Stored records
-- Opening Marker --
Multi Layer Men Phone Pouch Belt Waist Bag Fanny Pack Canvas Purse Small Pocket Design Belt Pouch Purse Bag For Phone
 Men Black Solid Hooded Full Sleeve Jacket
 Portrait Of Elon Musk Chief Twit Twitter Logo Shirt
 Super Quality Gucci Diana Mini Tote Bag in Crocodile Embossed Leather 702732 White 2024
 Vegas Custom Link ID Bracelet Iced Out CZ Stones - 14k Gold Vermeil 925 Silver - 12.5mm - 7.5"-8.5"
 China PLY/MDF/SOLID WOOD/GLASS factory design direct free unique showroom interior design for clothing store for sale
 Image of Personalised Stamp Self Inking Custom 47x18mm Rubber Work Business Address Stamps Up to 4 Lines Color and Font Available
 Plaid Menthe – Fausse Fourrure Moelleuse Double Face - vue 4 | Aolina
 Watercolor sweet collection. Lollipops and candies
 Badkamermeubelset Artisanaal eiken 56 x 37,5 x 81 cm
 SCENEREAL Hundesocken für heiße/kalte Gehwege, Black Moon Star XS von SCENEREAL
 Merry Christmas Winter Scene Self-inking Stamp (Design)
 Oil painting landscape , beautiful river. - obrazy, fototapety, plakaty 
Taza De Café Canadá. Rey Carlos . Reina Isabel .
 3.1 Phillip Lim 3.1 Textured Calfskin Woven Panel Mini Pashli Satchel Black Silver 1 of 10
-- Closing Marker --
● **THE TASK**:
Only the number is wanted: how many lines above include the word "Stamp"?

● **FINISHED EXERCISE**:
2